Black Metal aus Luxemburg: Tanz in der Asche

„Tolkien Black Metal“ nennt die Luxemburger Band Asathor ihren episch-immersiven Sound, den sie, wie vor zwei Wochen in der Rockhal, auch überzeugend auf die Bühne bringt. Ein Gespräch über musikalische Stilfindung, emotionale Belastungen und eine Konzertperformance, die auf Tuchfühlung mit dem Publikum verzichtet.

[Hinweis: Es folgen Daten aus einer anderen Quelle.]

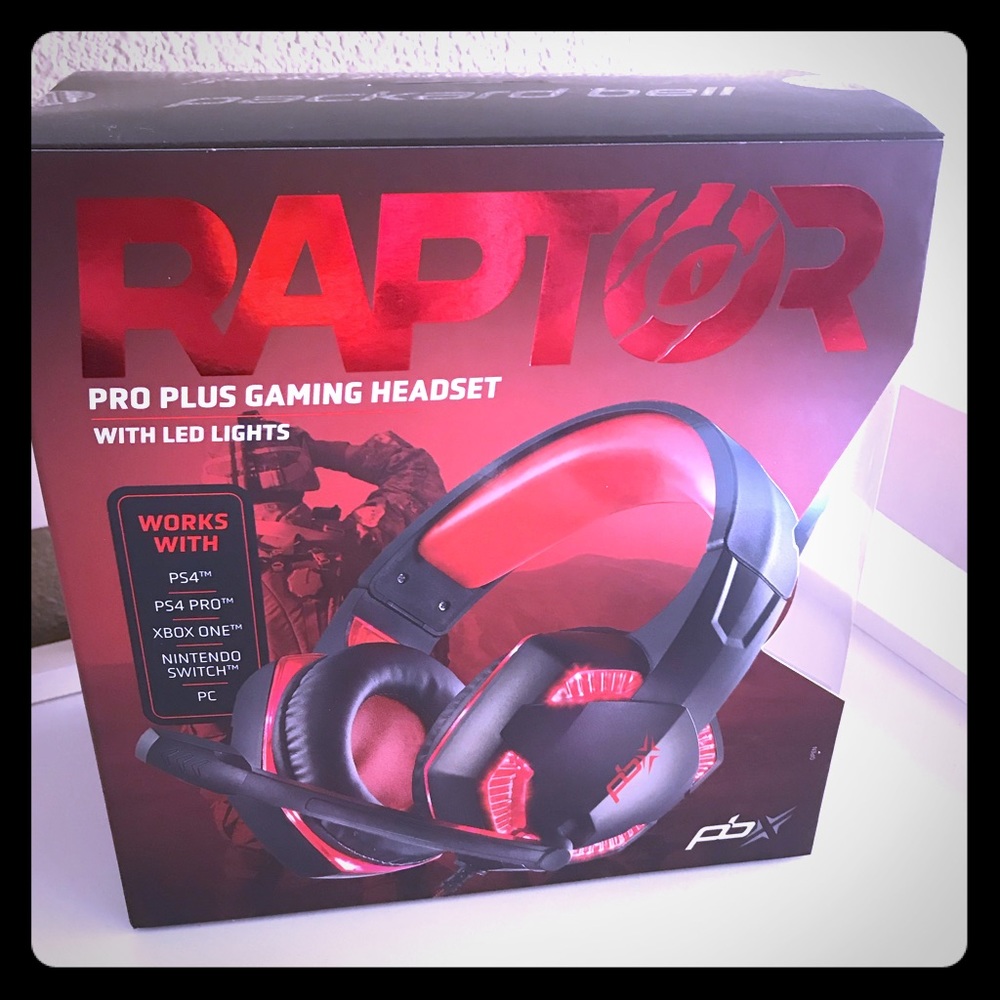 Raptor pro plus Gaming Headset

Starker Auftritt: Asathor am 9. November in der Rockhal. (Foto: Elena Arens)

woxx: Im September habt ihr eure neue EP „Quenta mir: Sangwa“ veröffentlicht. Stilistisch sehe ich die ein wenig mehr in Richtung Viking Metal gehen als eure LP vor fünf Jahren, die zum Teil noch deutlicher im traditionellen Black Metal verankert war. Wodurch wurde eure Entwicklung in den vergangenen Jahren beeinflusst?

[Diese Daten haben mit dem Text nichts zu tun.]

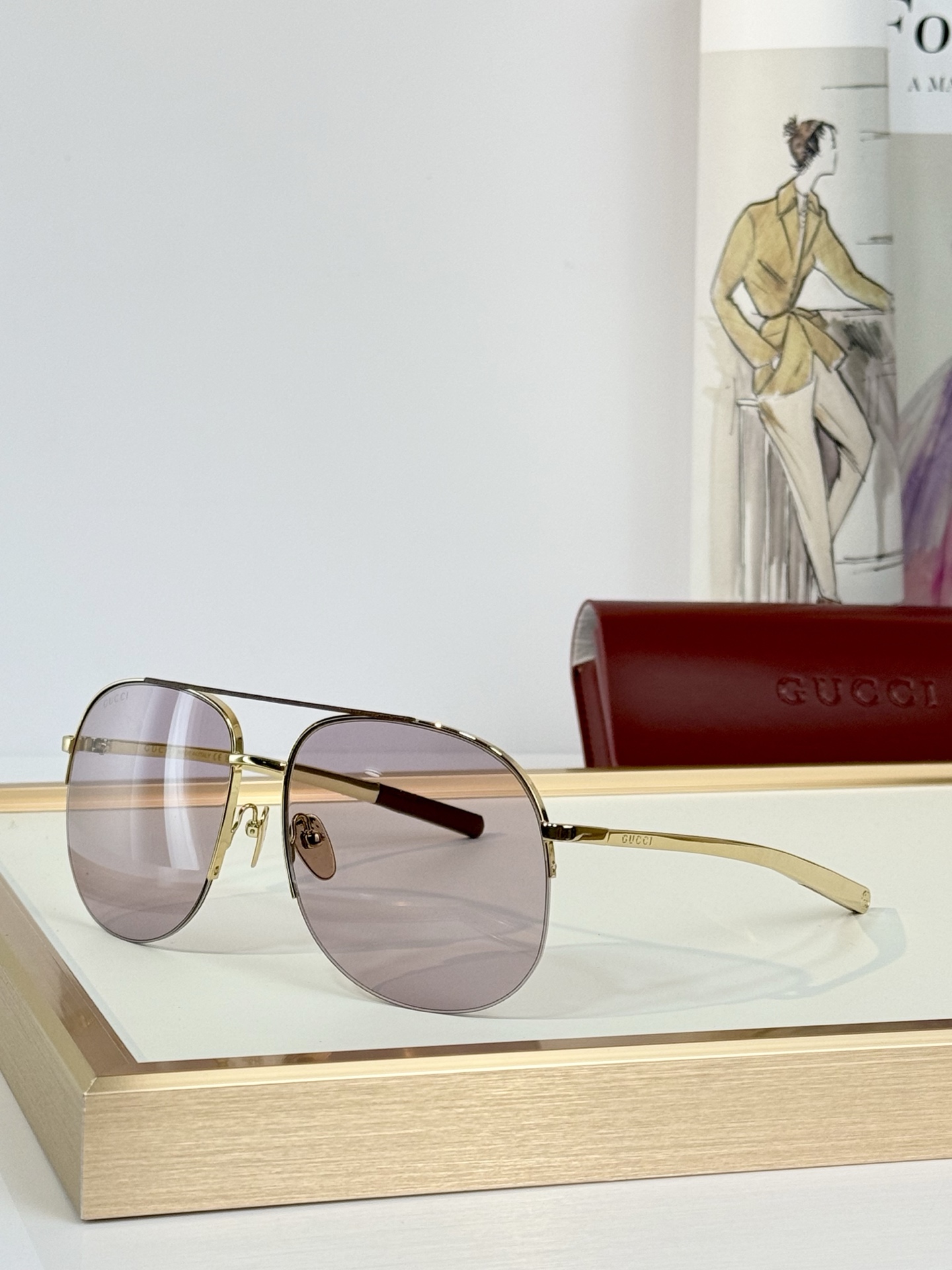 GUCC* MOD：GG2165S Size：61口16-135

Fränz (Gitarre)*: Ich finde es interessant, dass du die neue Platte im Viking Metal verortest. Für uns trifft das eher auf das ältere Release zu. Mittlerweile sehen wir uns musikalisch im Black Metal beziehungsweise Post-Black-Metal. Die Entwicklung vollzog sich eigentlich ganz natürlich. Unser zweiter Gitarrist Ben hat immer viel Black Metal gehört, darüber hinaus haben wir nach und nach neue Einflüsse bekommen. Da wir zwar an Stücken gearbeitet, aber längere Zeit nichts veröffentlicht haben und relativ wenig aufgetreten sind, mag dieser Entwicklungssprung nach außen hin vielleicht ein bisschen krass erscheinen. Für uns als Band ist das anders. Hinzu kommen die neuen Bandmitglieder, die mit ihren Einflüssen diesen Prozess noch verstärkt haben.

Mein Eindruck geht auch auf die Produktion der neuen Platte zurück, die etwas wuchtiger, voluminöser und epischer ist, während der Sound auf eurer LP „Vegvísir“ (2019) trockener und roher klingt. War das gewollt?

Fränz: Ja. Das war eine sehr bedeutsame Entscheidung, weil wir mit einem anderen Produzenten gearbeitet haben. Es war uns wichtig, dass der Bass, der den Sound so fett und auch so rund macht, sehr präsent sein sollte. Das entspricht vielleicht nicht dem klassischen Black-Metal-Sound, aber dafür dem, wie wir das hören wollen.

Ben (Gitarre): Vegvísir war in gewisser Weise auch ein Sammelsurium aus älteren und neueren Liedern der damaligen Band-Ära. Die beginnt 2005, 2006, als wir erst richtig losgelegt haben, und reicht bis 2018, als wir dann die Platte aufgenommen haben. Stilistisch war das ein bisschen querbeet. Der Song „Menschenfleisch“ war eher rauer, „Nazgûl“ ist ja noch älter …

Nazgûl war auch euer erstes Demo, das ihr 2009 veröffentlicht habt.

Ben: Genau. Das Lied haben wir für Vegvísir noch einmal neu aufgenommen. Die damaligen Aufnahmen haben wir auch privat gemacht, nicht in einem Studio.

Eric (Bass): Ich komme zwar nicht aus der Old-School-Metal-Szene, habe aber schon immer einen Bezug zu Metal gehabt. Mir war wichtig, dass ein etwas moderner Sound hinzukommt – nicht nur, was mein Instrument, den Bass, betrifft. Es ist ein Gemeinschaftsprojekt, deshalb haben wir das alle zusammen so entschieden. Wir haben herumprobiert und uns dann geeinigt. So kam der etwas andere Charakter des Sounds zustande, die etwas modernere Produktion der aktuellen EP.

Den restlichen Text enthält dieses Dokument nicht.